Connecting the dots to the Texas gunmen

llustration on the Islamic Sharia roots of the Garland Texas terrorists by Alexander Hunter/The Washington Time Read more: http://www.washingtontimes.com/news/2015/may/5/clare-lopez-connecting-the-dots-to-the-texas-gunme/#ixzz3ZMDc05Cu  Follow us: @washtimes on Twitter

llustration on the Islamic Sharia roots of the Garland Texas terrorists by Alexander Hunter/The Washington Time

Their Phoenix mosque maintains Shariah-compliant support for jihad

– – Tuesday, May 5, 2015:

Both gunmen identified in the May 3 attack against the “Draw Muhammad” event at the Curtis Culwell Center in Garland, Texas, attended the Islamic Community Center of Phoenix, according to news reports. Elton Simpson and his roommate, Nadir Soofi, both were known to mosque leadership dating from 2006, although Usama Shami, chairman of the mosque’s board of trustees, claimed they stopped attending recently.

Interestingly, the imam at the Islamic Community Center of Phoenix (ICCP) is Sheikh Mahmoud Abdul-Aziz Ahmad Sulaiman, one of the so-called “flying imams,” who filed suit in March 2007 against US Airways officials for allegedly showing discrimination in removing them from a flight after the imams’ suspicious behavior raised alarm among crew and passengers. That behavior included loud praying at the gate area prior to boarding, refusal to sit in assigned seats, requests for seat belt extensions that were unnecessary and unused, and travel on one-way tickets with no checked baggage.

The Council on American-Islamic Relations, which was demonstrated in federal District Court to be affiliated with Hamas (the Palestinian branch of the Muslim Brotherhood, a designated terrorist organization as listed by Egypt, Saudi Arabia and the United Arab Emirates), and its attorney, Omar Mohammedi, a former president of CAIR’s New York chapter, filed the lawsuit on behalf of the six imams, including Imam Sulaiman.

The Egyptian-born Imam Sulaiman has served since 2002 as the imam at the ICCP, which was founded in 1982 and received its tax-exempt 501(c)3 status as a religious establishment. The ICCP website openly identifies the mosque as Shariah-compliant, with reference on its donations page to paying the “zakat,” an obligatory annual tax for all Muslims that is one of the Five Pillars of Islam, and of which one-eighth must go to support jihad. According to its website, the ICCP’s property is owned by the North American Islamic Trust (NAIT). The trust is yet another Muslim Brotherhood affiliate, as confirmed in a 2009 ruling by the U.S. District Court for the Northern District of Texas Dallas Division, which identified the trust as a Hamas associate.

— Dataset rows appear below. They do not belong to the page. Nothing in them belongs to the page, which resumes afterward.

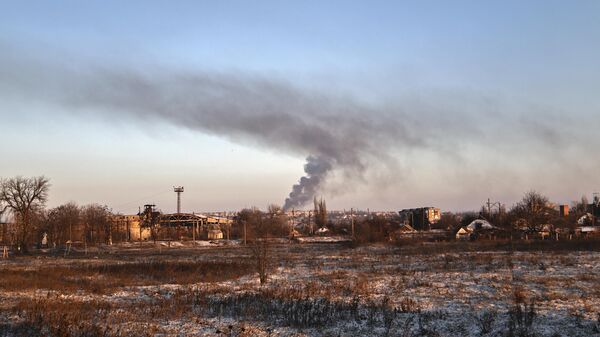 Khói trên Soledar ở vùng Donetsk - Sputnik Việt Nam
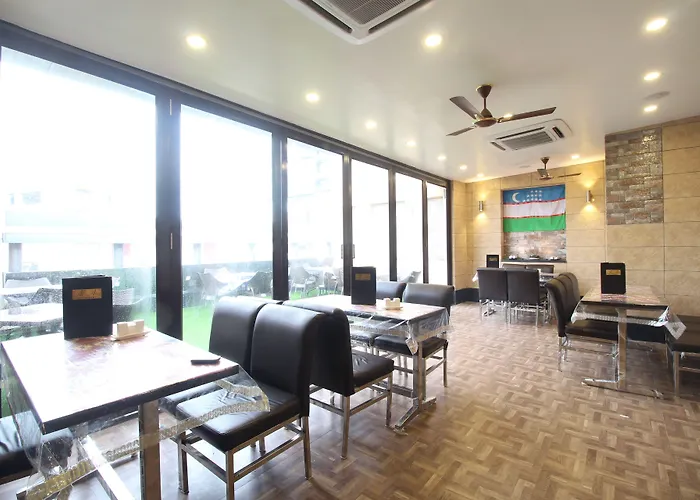 Hotel Vanson Villa - Near Connaught Place New Delhi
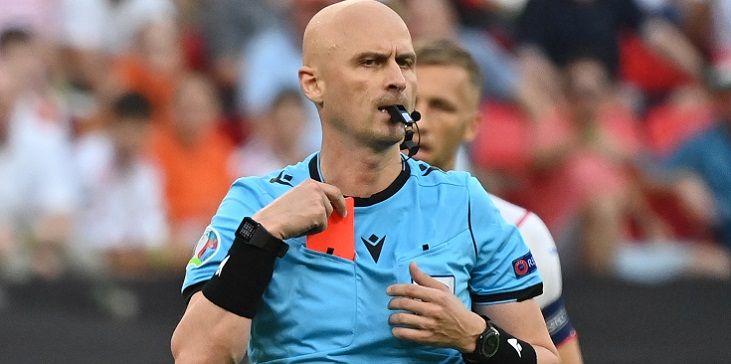 Депутат Лебедев: Карасев судит великолепно. Наши команды любят в случае неудачи свалить на кого-то вину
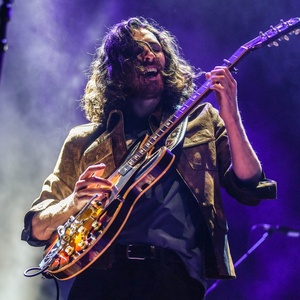 Hozier Joins Sweet Relief Benefit Concert Honoring Taj Mahal in San Francisco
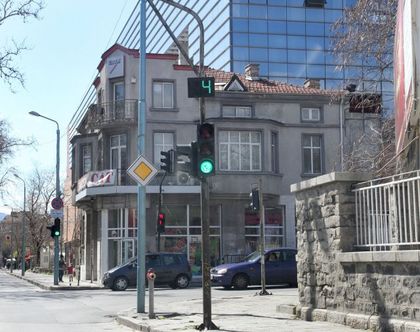 Пак не могат да бутнат къщата на Марково тепе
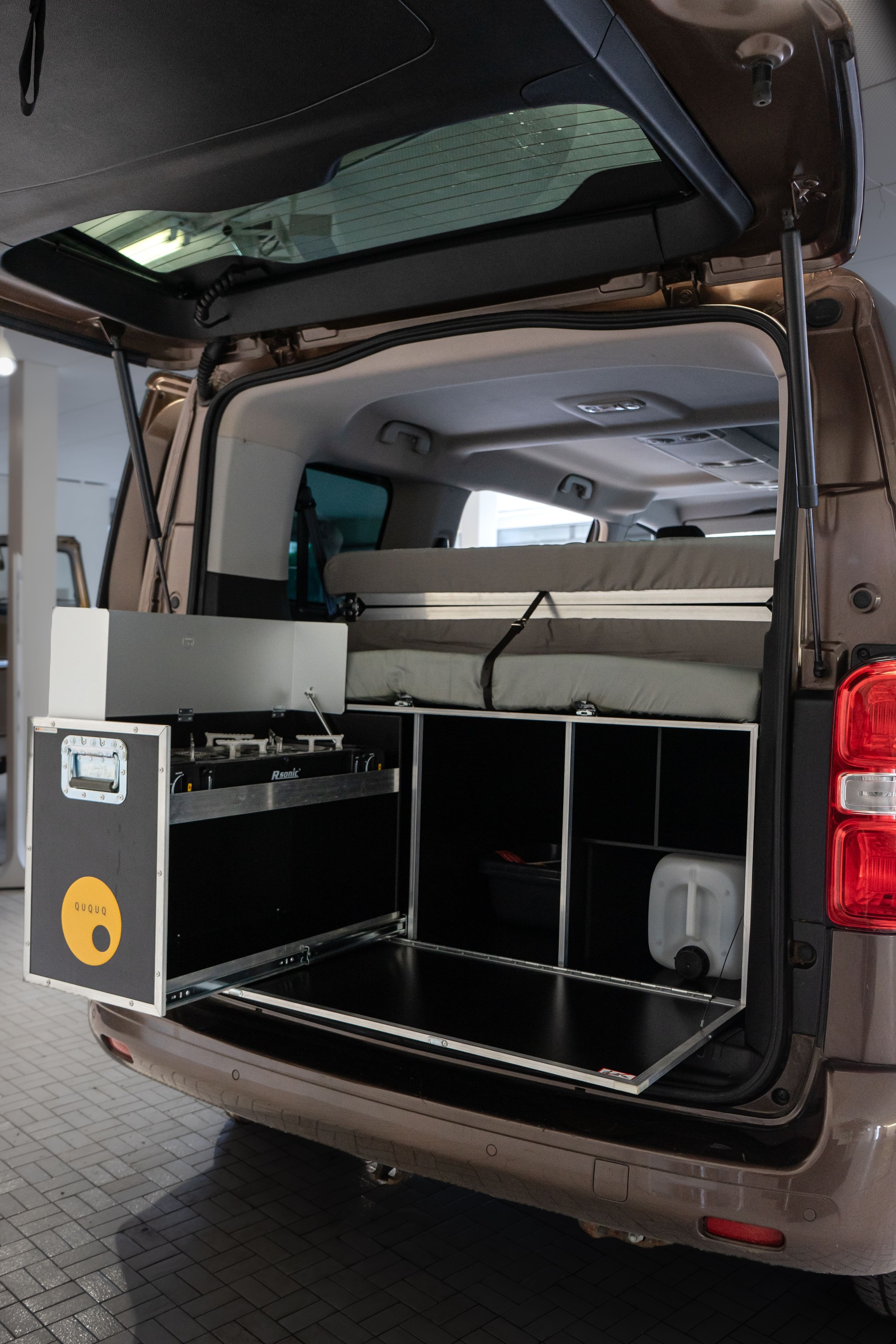 TOYOTA Proace Verso 2.0 D-4D Family Medium Automatic-image-1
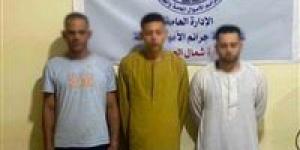 بمكالمة هاتف.. ضبط 3 أشخاص للنصب على المواطنين بانتحال صفة موظفي البنوك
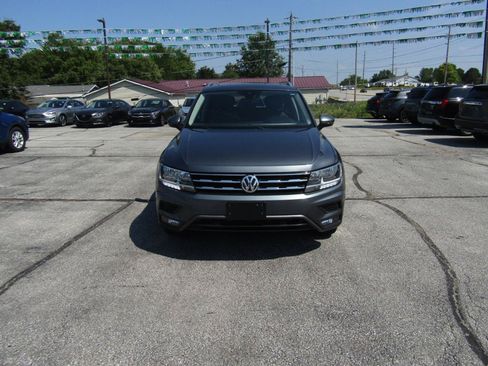Used 2021 Volkswagen Tiguan SEL AWD/4WD image 2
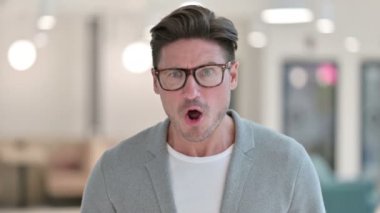 Öfkelenen Saldırgan Orta Çağ Adamı Portresi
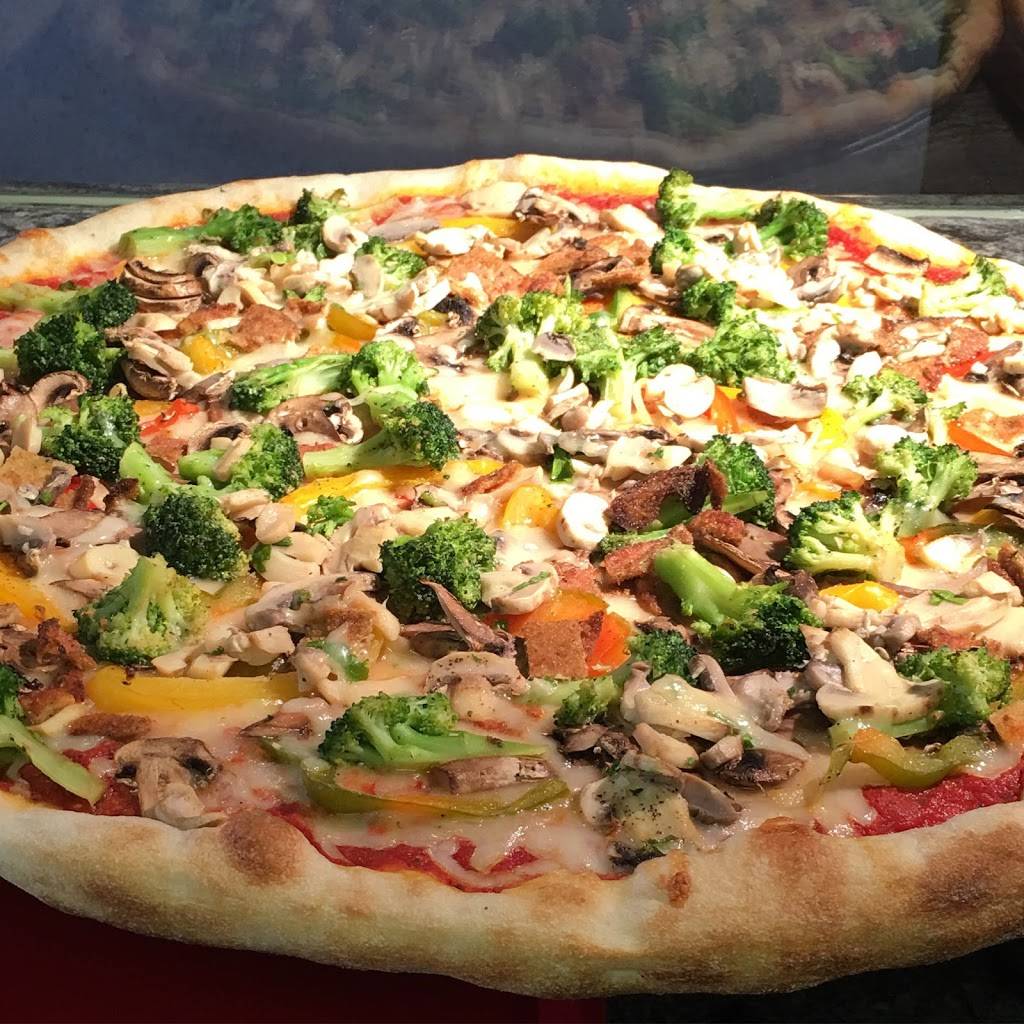 Rosas Pizza | meal takeaway | 62-65 Fresh Pond Rd, Ridgewood, NY 11385, USA | 7184977672 OR +1 718-497-7672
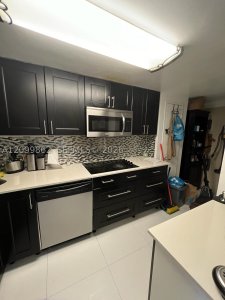 Aluguel de apartamento no Four Ambassadors 1506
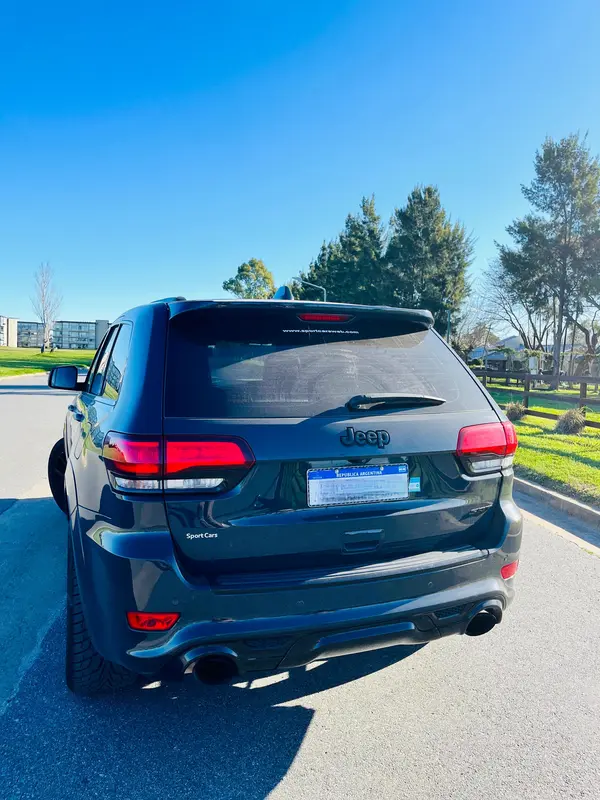 Mira esta publicación de Jeep Grand Cherokee 2019 en Motordil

Imam Sulaiman is a member of the Washington, D.C.-based North American Imams Federation, whose board of trustees include the Jordanian-born Imam Omar Shahin (another of the so-called “Flying Imams” and former imam of the Islamic Center of Tucson, Ariz.) and Imam Siraj Wahhaj, whose name appeared on a U.S. government list of unindicted co-conspirators for the 1993 World Trade Center bombing.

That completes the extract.